The recent outburst of Transformers has started after having outperformed previously known stateof-
the-art approaches like long short-term memory and gated recurrent neural networks in sequence
modelling and transduction problems such as language modelling and machine translation. Transformers
avoid recurrence and instead rely entirely on an attention mechanism to draw global dependencies
between input and output [1]. Furthermore, Transformers are now being incorporated and tested out
in domains of computer vision tasks like classification [2], detection [3], segmentation [4] and as
generative adversarial networks (GANs) [5] by considering image-patches to have a sequence-potential.
Transformer Architecture was successfully used to perform object detection which helped drop away
many hand-designed components like a non-maximum suppression procedure or anchor generation
that explicitly encodes our prior knowledge about the task. Subsequently, it was extended for panoptic
segmentation. Although, Transformers used for segmentation did not only exploit the sequencepotential
but typically still used some form of Convolutional Neural Networks (CNNs) along with it.
However, Jiang et al. has proposed a pure Transformer based model in GAN environment (TransGAN)

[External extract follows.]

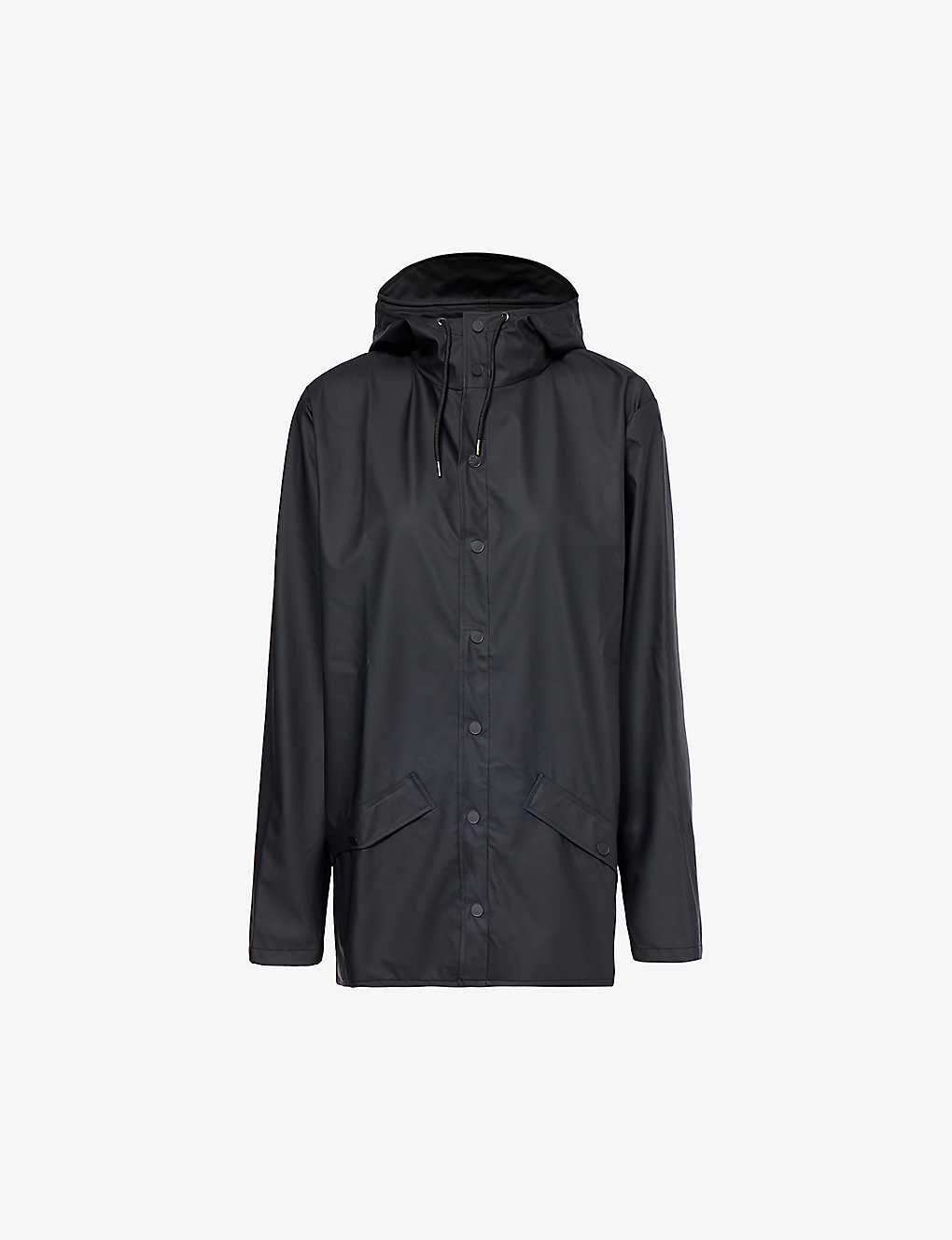 Shop Rains Women's Black High-neck Regular-fit Shell Jacket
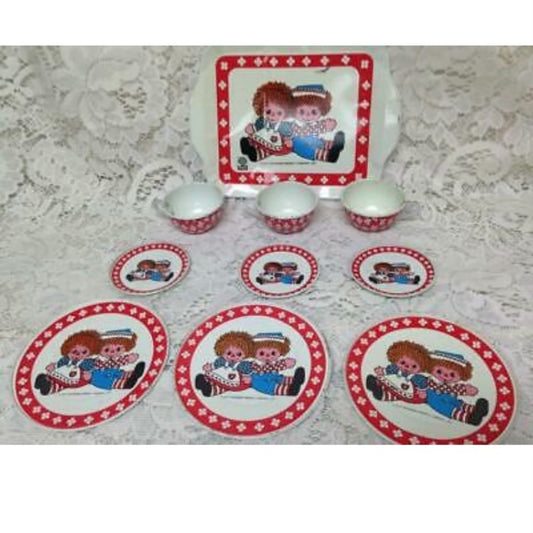 1970s,10pc Chein-Bobb Merrill Raggedy Ann Tin Tea Set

for image generation ensuring the possibility of dropping CNNs in GANs [5].
In this work, the idea of using image patches as a sequence input into a Transformer model without
CNNs is carried out for segmentation tasks.
The thesis consists of the following milestones:
- Modifying TransGAN discriminator and generator as encoder and decoder respectively for
segmentation - Evaluating performance on the Cityscapes dataset [6].
- Further experiments and improvements regarding learning and network architecture.
The implementation should be done in PyTorch Lightning.